Our work involved a substantial 50-gigabyte CSV file with half a million rows, each describing one participant in the study. The file boasted an extensive 27,000 columns, signifying a vast volume of data. (see picture 1)
Objectives: what do We Want to Accomplish?
Our primary goal is to enable scientists to derive meaningful insights and make fascinating discoveries from the data. To achieve this, we aimed to simplify the scientists’ interaction with the dataset, as working with a 50-gigabyte CSV file with 27,000 columns would be a formidable challenge.
How can we do IT?
Our strategy involved transforming the data into a format that could be easily queried using the SQL language, well-known to scientists. By adopting this approach, scientists could effortlessly extract valuable information from the extensive dataset. Each column in the file represented a specific data point from the study and included additional numbers indicating the study part and the number of possible values for that measurement. To make data processing more manageable, we can divide the large file into smaller ones based on column categories (see picture 2). This way, we could extract study-related data and the value order in each column.
AWS Glue vs. AWS ECS
AWS Glue is a really powerful tool. It’s powered by PySpark under the hood, which uses a distributed architecture for querying and transforming the data. Still, it’s also less elastic in terms of what can be run and resource allocation.
We also considered AWS ECS, which requires more effort to set up, but it offers greater elasticity regarding what can be run and resource allocation. In our case, AWS ECS proved to be the optimal choice, as AWS Glue seemed to be an overkill for our needs. ECS also has better resource management that could lead to some cost reduction of running the processing, and it’s definitely easier to write the desired code in pandas or polars – packages for Python.
Pandas and polars are similar data science packages for Python. Still, we compared both, and polars obtained much better results: the same code for transforming and splitting up the big CSV file took 30 minutes for polars and three hours for pandas. That’s a big difference – six times boost in time performance.
If you can try polars for a real use case, I recommend that because it’s a lot faster; although it’s in the early development stage, we didn’t encounter any bugs.
Data Transformation and Storage
After splitting and transforming the data, we stored it in an AWS S3 bucket. AWS’s import feature made the data ingestion into the database easy. The final database size was significantly reduced from 50 gigabytes of input CSV file to 15 gigabytes of stored data. This was possible due to filtering of empty rows that occured in transformed data, because of the input file structure.
We are considering the development of the web UI to facilitate SQL query executions for scientists, streamlining the data exploration processes. Additionally, we are exploring the possibility of converting the large CSV file into Parquet files and querying them with AWS Athena. This approach could save costs by eliminating the need for database servers, as we could store the data in S3 and query it using AWS Athena.

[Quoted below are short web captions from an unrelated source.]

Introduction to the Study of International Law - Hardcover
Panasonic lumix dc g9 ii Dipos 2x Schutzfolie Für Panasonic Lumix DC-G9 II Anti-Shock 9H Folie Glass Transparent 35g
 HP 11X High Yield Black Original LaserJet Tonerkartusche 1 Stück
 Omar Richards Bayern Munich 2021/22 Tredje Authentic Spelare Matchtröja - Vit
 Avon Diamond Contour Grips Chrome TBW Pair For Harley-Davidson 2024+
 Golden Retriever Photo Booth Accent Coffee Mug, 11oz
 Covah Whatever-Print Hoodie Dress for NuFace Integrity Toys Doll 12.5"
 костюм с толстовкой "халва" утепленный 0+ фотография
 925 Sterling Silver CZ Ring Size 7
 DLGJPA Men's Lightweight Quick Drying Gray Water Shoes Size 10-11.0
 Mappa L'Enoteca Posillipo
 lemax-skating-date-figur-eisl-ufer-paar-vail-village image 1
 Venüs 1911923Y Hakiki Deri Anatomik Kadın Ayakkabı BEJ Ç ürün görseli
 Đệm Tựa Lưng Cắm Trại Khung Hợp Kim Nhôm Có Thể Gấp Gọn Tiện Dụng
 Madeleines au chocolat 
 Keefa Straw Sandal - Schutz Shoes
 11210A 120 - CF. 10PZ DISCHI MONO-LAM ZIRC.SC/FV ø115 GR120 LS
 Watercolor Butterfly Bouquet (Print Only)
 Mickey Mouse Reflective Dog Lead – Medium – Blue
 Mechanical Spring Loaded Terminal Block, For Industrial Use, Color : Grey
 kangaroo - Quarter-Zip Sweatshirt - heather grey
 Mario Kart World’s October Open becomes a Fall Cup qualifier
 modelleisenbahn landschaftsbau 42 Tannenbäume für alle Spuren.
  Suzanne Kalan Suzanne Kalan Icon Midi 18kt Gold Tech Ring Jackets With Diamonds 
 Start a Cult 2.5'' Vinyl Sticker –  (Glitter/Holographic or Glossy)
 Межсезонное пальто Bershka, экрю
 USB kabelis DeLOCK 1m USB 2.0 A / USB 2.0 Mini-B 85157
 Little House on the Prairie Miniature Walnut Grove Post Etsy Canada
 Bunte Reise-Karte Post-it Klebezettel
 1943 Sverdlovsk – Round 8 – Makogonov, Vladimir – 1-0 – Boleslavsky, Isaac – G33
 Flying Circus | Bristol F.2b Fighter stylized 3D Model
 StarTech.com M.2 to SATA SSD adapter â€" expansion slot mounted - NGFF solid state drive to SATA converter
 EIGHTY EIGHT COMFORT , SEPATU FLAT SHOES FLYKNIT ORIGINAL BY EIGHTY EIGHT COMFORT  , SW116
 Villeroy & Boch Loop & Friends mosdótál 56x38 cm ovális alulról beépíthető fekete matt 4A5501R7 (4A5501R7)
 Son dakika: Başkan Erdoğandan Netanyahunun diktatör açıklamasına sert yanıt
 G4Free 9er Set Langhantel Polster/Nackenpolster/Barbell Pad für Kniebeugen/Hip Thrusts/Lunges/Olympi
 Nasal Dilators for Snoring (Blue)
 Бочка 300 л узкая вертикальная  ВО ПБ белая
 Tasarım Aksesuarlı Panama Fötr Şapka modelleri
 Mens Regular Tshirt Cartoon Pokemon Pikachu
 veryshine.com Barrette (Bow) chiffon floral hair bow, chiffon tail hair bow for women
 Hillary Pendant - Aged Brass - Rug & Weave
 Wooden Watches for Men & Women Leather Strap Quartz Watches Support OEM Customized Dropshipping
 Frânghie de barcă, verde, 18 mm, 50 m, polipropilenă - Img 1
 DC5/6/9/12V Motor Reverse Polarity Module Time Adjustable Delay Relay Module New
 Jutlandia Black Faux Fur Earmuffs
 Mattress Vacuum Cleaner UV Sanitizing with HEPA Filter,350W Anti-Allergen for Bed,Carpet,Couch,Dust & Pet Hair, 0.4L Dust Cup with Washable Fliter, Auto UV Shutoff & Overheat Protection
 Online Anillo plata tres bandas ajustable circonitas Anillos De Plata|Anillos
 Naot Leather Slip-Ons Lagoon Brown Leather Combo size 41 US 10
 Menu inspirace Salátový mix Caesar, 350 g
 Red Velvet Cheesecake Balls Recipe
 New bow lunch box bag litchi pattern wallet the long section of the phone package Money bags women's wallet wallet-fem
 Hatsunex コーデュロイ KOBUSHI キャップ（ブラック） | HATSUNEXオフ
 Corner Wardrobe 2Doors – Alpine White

We embarked on a challenging journey with a large dataset of 50 GB, half a million study participants and 27,000 columns, posing a considerable hurdle for scientists. Through solution we implemented, which utilized AWS ECS with the polars package and RDS Postgresql, we empowered scientists to query the data effortlessly with SQL. We also uncovered the significant performance advantage of polars over pandas. If possible, we recommend trying polars and moving towards a complete serverless architecture to avoid the costs of running database servers.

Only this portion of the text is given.